GRASP: A novel benchmark for evaluating language GRounding And Situated Physics understanding in multimodal language models
This addresses the need for better evaluation of multimodal AI models in grounding language and physics, though it is incremental as it focuses on benchmarking rather than new methods.
The authors introduced GRASP, a benchmark to assess video-based multimodal LLMs on language grounding and intuitive physics understanding, revealing that models perform poorly (below 50% vs. human 80%) and depend heavily on prompting.
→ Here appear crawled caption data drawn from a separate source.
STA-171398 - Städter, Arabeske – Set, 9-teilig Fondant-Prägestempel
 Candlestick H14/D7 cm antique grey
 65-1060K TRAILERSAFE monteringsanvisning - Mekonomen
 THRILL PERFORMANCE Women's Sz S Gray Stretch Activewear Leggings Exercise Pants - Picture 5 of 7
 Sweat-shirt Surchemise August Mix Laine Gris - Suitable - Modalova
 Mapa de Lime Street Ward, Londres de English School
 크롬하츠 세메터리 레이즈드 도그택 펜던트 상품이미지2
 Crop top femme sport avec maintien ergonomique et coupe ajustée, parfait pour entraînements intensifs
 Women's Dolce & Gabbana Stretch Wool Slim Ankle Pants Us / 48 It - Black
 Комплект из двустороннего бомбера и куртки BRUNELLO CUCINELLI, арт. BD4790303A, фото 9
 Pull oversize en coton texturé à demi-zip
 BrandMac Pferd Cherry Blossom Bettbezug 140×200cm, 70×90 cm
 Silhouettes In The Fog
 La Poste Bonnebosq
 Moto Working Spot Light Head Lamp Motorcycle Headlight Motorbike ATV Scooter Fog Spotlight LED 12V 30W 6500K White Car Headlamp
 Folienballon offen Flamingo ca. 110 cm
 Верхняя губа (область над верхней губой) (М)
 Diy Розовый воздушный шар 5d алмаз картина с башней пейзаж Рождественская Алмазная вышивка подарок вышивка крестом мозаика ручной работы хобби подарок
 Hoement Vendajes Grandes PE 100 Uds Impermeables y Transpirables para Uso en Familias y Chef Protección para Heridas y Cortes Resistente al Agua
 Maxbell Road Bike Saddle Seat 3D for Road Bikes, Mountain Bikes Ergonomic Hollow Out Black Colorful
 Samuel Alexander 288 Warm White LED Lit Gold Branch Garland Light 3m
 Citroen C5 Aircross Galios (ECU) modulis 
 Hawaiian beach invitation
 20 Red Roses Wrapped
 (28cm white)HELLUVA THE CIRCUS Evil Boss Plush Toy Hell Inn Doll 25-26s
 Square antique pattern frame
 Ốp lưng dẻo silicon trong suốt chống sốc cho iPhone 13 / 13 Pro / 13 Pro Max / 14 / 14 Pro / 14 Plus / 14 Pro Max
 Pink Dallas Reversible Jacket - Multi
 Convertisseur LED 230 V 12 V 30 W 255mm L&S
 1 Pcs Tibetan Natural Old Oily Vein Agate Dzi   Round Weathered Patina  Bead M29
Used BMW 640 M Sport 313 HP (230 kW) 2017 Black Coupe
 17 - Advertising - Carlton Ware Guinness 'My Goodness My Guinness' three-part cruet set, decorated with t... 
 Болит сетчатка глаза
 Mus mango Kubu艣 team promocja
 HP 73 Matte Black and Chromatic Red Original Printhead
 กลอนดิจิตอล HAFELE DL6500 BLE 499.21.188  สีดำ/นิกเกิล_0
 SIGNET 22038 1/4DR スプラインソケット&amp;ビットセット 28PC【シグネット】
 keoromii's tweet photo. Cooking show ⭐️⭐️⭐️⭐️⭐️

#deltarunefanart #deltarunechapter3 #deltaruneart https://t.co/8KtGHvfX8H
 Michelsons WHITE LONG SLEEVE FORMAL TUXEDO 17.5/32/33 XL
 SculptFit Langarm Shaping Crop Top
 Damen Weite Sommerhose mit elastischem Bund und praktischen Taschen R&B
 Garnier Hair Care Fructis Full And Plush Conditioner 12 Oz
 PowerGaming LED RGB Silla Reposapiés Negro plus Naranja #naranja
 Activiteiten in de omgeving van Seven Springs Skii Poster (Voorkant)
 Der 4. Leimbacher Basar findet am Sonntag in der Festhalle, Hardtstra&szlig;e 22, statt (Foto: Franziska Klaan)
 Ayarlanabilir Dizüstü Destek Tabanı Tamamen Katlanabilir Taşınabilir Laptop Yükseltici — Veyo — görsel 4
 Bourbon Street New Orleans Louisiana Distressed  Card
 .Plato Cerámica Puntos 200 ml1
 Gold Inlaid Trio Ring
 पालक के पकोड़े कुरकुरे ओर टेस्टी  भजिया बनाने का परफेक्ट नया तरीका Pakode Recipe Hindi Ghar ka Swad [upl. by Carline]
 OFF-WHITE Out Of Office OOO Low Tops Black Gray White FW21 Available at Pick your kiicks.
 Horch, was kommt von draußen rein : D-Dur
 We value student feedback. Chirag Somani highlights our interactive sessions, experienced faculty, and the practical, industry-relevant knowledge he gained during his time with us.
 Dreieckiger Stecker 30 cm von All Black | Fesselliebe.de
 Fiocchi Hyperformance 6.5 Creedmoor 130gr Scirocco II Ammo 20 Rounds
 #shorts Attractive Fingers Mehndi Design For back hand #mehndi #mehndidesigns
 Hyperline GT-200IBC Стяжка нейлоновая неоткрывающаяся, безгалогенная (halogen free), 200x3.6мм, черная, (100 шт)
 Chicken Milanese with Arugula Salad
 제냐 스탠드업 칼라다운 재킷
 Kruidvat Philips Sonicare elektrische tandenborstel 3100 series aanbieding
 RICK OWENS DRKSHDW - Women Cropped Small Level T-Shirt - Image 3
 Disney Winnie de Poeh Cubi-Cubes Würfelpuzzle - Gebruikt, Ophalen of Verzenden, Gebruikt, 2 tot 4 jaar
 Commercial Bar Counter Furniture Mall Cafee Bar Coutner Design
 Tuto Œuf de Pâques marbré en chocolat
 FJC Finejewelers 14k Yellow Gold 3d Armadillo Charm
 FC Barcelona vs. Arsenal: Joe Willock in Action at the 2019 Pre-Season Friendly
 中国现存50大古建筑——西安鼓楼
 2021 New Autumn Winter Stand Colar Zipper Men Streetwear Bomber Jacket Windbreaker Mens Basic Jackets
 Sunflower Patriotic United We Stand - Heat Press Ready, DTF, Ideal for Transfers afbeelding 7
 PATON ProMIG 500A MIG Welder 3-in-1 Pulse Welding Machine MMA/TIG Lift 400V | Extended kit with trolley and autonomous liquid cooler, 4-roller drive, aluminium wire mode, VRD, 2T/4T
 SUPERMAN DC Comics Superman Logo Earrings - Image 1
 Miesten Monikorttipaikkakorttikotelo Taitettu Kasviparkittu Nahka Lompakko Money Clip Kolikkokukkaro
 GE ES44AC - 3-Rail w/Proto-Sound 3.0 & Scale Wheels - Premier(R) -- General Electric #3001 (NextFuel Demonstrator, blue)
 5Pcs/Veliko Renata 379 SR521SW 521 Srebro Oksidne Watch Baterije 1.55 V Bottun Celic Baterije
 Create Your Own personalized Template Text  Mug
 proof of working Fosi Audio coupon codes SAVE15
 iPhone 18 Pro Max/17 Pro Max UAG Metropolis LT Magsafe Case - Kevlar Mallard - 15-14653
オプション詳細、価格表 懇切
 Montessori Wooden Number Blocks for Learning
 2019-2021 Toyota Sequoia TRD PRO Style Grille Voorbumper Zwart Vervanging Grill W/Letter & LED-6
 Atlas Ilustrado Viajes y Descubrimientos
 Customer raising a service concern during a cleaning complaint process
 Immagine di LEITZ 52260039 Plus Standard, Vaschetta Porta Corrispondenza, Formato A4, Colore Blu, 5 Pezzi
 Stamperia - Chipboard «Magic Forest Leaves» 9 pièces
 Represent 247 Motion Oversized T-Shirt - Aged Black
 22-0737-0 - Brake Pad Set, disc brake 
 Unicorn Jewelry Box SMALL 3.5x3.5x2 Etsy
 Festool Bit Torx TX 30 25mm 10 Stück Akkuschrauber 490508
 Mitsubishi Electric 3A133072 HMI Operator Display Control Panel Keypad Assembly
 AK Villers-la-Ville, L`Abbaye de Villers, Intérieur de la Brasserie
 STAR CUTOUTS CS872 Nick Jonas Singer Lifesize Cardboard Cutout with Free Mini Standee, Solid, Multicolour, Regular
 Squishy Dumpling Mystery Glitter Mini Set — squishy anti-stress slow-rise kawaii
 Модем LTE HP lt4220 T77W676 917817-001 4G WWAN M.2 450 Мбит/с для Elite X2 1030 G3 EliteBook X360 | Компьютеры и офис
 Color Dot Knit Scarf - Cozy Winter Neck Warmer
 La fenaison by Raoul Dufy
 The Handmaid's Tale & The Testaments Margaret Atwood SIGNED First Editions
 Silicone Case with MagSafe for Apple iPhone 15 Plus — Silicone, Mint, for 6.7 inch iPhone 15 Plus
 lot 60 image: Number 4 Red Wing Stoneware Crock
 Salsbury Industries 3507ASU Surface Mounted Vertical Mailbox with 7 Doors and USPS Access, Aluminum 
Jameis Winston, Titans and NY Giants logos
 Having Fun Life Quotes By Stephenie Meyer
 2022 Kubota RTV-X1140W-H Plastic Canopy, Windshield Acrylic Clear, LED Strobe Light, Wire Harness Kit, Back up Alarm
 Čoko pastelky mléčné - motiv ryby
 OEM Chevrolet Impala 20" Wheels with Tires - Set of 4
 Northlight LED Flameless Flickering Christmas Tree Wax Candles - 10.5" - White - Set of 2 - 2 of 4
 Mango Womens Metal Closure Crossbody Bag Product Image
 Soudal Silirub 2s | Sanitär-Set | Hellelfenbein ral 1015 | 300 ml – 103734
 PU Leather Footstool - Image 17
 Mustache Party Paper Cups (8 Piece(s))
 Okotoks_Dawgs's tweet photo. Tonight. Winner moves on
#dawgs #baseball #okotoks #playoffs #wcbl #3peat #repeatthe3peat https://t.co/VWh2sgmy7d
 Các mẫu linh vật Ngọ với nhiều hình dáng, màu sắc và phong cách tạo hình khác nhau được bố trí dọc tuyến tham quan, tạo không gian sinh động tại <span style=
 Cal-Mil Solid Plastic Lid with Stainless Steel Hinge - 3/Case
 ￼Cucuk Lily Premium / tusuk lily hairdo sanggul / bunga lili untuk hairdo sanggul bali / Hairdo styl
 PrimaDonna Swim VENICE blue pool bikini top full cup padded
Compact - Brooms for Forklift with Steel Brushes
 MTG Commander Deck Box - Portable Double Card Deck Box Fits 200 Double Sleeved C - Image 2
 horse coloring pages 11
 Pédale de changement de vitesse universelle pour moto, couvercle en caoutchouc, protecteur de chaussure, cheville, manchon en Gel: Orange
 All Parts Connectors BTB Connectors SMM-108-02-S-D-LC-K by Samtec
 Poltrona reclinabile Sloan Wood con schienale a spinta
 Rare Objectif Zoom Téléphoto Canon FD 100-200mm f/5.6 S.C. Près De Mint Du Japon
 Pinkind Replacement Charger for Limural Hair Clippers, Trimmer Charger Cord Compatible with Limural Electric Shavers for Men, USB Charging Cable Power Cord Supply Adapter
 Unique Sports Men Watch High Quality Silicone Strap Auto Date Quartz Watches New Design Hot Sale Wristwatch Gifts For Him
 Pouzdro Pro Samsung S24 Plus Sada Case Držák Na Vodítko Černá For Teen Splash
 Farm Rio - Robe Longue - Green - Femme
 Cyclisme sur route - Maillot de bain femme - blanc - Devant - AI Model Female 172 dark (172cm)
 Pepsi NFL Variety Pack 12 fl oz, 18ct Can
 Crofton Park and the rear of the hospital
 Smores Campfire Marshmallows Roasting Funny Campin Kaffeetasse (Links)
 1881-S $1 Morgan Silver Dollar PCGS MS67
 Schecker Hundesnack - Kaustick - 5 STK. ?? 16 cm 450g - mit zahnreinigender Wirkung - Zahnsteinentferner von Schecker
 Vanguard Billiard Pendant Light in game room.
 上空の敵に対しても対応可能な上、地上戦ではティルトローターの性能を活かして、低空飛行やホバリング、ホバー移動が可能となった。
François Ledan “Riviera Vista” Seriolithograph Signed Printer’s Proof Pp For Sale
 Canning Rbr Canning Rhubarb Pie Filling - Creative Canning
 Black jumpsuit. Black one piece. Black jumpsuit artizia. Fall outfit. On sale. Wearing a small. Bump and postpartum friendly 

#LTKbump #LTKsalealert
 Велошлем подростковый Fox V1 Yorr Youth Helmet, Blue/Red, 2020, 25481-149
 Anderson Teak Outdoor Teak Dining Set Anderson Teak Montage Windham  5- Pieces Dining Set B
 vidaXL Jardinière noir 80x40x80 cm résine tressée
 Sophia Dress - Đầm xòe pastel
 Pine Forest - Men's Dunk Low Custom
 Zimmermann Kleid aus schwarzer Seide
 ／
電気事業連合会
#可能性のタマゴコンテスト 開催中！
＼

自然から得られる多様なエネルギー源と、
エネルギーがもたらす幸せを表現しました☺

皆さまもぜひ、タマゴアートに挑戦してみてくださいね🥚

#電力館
This paper presents GRASP, a novel benchmark to evaluate the language grounding and physical understanding capabilities of video-based multimodal large language models (LLMs). This evaluation is accomplished via a two-tier approach leveraging Unity simulations. The first level tests for language grounding by assessing a model's ability to relate simple textual descriptions with visual information. The second level evaluates the model's understanding of "Intuitive Physics" principles, such as object permanence and continuity. In addition to releasing the benchmark, we use it to evaluate several state-of-the-art multimodal LLMs. Our evaluation reveals significant shortcomings in the language grounding and intuitive physics capabilities of these models. Although they exhibit at least some grounding capabilities, particularly for colors and shapes, these capabilities depend heavily on the prompting strategy. At the same time, all models perform below or at the chance level of 50% in the Intuitive Physics tests, while human subjects are on average 80% correct. These identified limitations underline the importance of using benchmarks like GRASP to monitor the progress of future models in developing these competencies.